RECURSO ESPECIAL. ADMINISTRATIVO. ATIVIDADE DE PRATICAGEM. LIMITES DA INTERVENÇÃO DO ESTADO NA ORDEM ECONÔMICA. FIXAÇÃO DE PREÇOS MÁXIMOS PELA AUTORIDADE MARÍTIMA. VIOLAÇÃO DO PRINCÍPIO DA RESERVA LEGAL. ALEGAÇÃO DE OFENSA AO ART. 535 DO CPC/1973. NÃO OCORRÊNCIA.
- Não procede a suscitada contrariedade ao art. 535, II, do CPC/1973, tendo em vista que o Tribunal de origem decidiu, fundamentadamente, as questões essenciais à solução da controvérsia, concluindo de forma contrária à defendida pela parte recorrente, o que não configura omissão ou qualquer outra causa passível de exame mediante a oposição de embargos de declaração.

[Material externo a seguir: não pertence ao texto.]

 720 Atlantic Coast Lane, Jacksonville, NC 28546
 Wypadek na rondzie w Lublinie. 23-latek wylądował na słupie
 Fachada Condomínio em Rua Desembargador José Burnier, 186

- Cinge-se a questão à possibilidade de intervenção da autoridade pública na atividade de praticagem, para promover, de forma ordinária e permanente, a fixação dos preços máximos a serem pagos na contratação dos serviços em cada zona portuária.

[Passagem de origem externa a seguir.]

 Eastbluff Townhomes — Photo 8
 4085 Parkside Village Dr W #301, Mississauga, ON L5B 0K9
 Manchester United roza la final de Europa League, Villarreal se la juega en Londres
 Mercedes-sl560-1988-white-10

- Tomando de empréstimo a precisa definição entabulada pela eminente Ministra Eliana Calmon no julgamento do REsp 752.175/RJ, observa-se que o exercício do trabalho de praticagem é regulamentado pela Lei n. 9.537/1997, que, em seu art. 3º, outorga à autoridade marítima a sua implantação e execução, com vista a assegurar a salvaguarda da vida humana e a segurança da navegação, no mar aberto e nas hidrovias, justificando, dessa forma, a intervenção estatal em todas as atividades que digam respeito à navegação.
- Denota-se, da própria letra dos arts. 12, 13, 14, e 15 da Lei n. 9.537/1997, que se trata de serviço de natureza privada, confiada a particular que preencher os requisitos estabelecidos pela autoridade pública para sua seleção e habilitação, e entregue à livre iniciativa e concorrência.
- A partir do advento da Lei n. 9.537/1997, foi editado o Decreto n. 2.596/1998, que dispõe sobre a segurança do tráfego aquaviário em águas sob jurisdição nacional e regulamenta a questão dos preços dos serviços de praticagem, salientando a livre concorrência para a sua formação, bem como o caráter excepcional da intervenção da autoridade marítima para os casos em que ameaçada a continuidade do serviço.
- Posteriormente, editou-se o Decreto n. 7.860/2012, que criou nova hipótese de intervenção da autoridade pública na formação dos preços dos serviços, agora de forma permanente e ordinária.
- A interpretação sistemática dos dispositivos da Lei n. 9.537/1997, consoante entendimento desta relatoria, só pode conduzir à conclusão de que, apenas na excepcionalidade, é dada à autoridade marítima a interferência na fixação dos preços dos serviços de praticagem, para que não se cesse ou interrompa o regular andamento das atividades, como bem definiu a lei.
- A doutrina e a jurisprudência são uníssonas no sentido de que a interferência do Estado na formação do preço somente pode ser admitida em situações excepcionais de total desordem de um setor de mercado e por prazo limitado, sob o risco de macular o modelo concebido pela CF/1988, com exceção dos casos em que a própria Carta Constitucional instituiu o regime de exploração por monopólio público.
- É inconcebível, no modelo constitucional brasileiro, a intervenção do Estado no controle de preços de forma permanente, como política pública ordinária, em atividade manifestamente entregue à livre iniciativa e concorrência, ainda que definida como essencial.
- O limite de um decreto regulamentar é dar efetividade ou aplicabilidade a uma norma já existente, não lhe sendo possível a ampliação ou restrição de conteúdo, sob pena de ofensa à ordem constitucional.
- Recurso especial a que se dá provimento, para restabelecer a ordem concedida na sentença de piso, a fim de determinar que a autoridade impetrada se abstenha de impor limites máximos aos preços do serviço de praticagem prestado por seus associados, ressalvada a hipótese legalmente estabelecida no parágrafo único do art. 14 da Lei n. 9.537/1997.
(STJ, REsp 1662196/RJ, 2ª T., j. 19.09.2017, rel. Min. Og Fernandes, DJe 25.09.2017).